What you can do to throttle things in a reasonable manner would require that your application knows which transaction requires updating when it begins it. If that is the case, you can setup multiple connection pools with pgpool, one for reading having many physical connections, each shared for just a few clients, another having few physical connections shared by all writers. That way you will have a limited number of writers active at the same time.


Jan



Benjamin

Jan Wieck wrote:
On 2/16/2007 4:56 PM, Benjamin Arai wrote:
Hi Jan,

That makes sense. Does that mean that a low-priority "road-block" can cause a deadlock or just an very long one lock?
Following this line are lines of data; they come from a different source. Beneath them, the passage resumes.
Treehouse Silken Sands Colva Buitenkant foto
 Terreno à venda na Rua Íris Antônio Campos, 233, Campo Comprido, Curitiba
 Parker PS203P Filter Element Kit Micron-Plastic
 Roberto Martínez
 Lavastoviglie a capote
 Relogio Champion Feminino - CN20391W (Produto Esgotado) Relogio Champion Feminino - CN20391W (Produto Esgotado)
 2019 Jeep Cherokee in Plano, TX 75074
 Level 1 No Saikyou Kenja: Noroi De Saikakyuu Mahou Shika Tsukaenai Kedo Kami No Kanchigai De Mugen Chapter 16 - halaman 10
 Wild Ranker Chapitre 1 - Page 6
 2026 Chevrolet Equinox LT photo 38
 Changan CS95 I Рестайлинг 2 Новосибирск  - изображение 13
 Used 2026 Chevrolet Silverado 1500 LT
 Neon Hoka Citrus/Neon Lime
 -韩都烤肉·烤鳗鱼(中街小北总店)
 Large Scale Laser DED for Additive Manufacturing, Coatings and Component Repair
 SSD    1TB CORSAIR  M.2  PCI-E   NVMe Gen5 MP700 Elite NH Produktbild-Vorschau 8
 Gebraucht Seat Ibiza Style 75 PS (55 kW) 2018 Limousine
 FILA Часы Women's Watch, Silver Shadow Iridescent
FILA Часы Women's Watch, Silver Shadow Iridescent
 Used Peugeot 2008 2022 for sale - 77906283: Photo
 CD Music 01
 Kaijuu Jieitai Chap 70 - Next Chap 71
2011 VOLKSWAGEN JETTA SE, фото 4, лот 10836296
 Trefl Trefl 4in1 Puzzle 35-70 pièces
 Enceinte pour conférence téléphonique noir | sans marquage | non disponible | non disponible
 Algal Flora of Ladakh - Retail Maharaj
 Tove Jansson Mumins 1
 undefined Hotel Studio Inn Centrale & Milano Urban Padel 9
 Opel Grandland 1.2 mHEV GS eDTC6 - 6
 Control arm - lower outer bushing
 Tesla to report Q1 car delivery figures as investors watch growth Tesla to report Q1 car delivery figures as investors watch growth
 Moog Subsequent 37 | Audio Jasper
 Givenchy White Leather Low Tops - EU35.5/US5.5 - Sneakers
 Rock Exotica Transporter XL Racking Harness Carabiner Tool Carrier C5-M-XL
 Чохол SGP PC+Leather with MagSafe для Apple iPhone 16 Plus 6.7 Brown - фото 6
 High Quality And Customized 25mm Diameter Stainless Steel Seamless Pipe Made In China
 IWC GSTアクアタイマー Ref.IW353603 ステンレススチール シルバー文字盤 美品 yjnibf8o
It doesn't cause any deadlock by itself. Although the longer one holds one lock, before attempting to acquire another, the higher the risk someone else grabs that and tries visa versa. So if there is a risk of deadlocks due to the access pattern of your application, then slowing down the updating processes will increase the risk of it to happen.


Jan


Benjamin

Jan Wieck wrote:
On 2/11/2007 1:02 PM, Benjamin Arai wrote:
Hi Magnus,

Think this can be avoided as long the the queries executed on the lower priority process never lock anything important. In my case, I would alway be doing inserts with the lower priority process, so inversion should never occur. On the other hand if some lock occur somewhere else specific to Postgres then there may be an issue. Are there any other tables locked by the the Postgres process other than those locks explicitly set by the query?

If you assume that the logical row level locks, placed by such low priority "road-block", would be the important thing to watch out for, you are quite wrong. Although Postgres appears to avoid blocking readers by concurrent updates using MVCC, this isn't entirely true. The moment one updating backend needs to scribble around in any heap or index block, it needs an exclusive lock on that block until it is done with that. It will not hold that block level lock until the end of its transaction, but it needs to hold it until the block is in a consistent state again. That means that the lower the priority of those updating processes, the more exclusively locked shared buffers you will have in the system, with the locking processes currently not getting the CPU because of their low priority.


Jan


Benjamin

Magnus Hagander wrote:
Most likely, you do not want to do this. You *can* do it, but you are
quite likely to suffer from priority inversion
(http://en.wikipedia.org/wiki/Priority_inversion)

//Magnus


Adam Rich wrote:
There is a function pg_backend_pid() that will return the PID for
the current session.  You could call this from your updating app
to get a pid to feed to the NICE command.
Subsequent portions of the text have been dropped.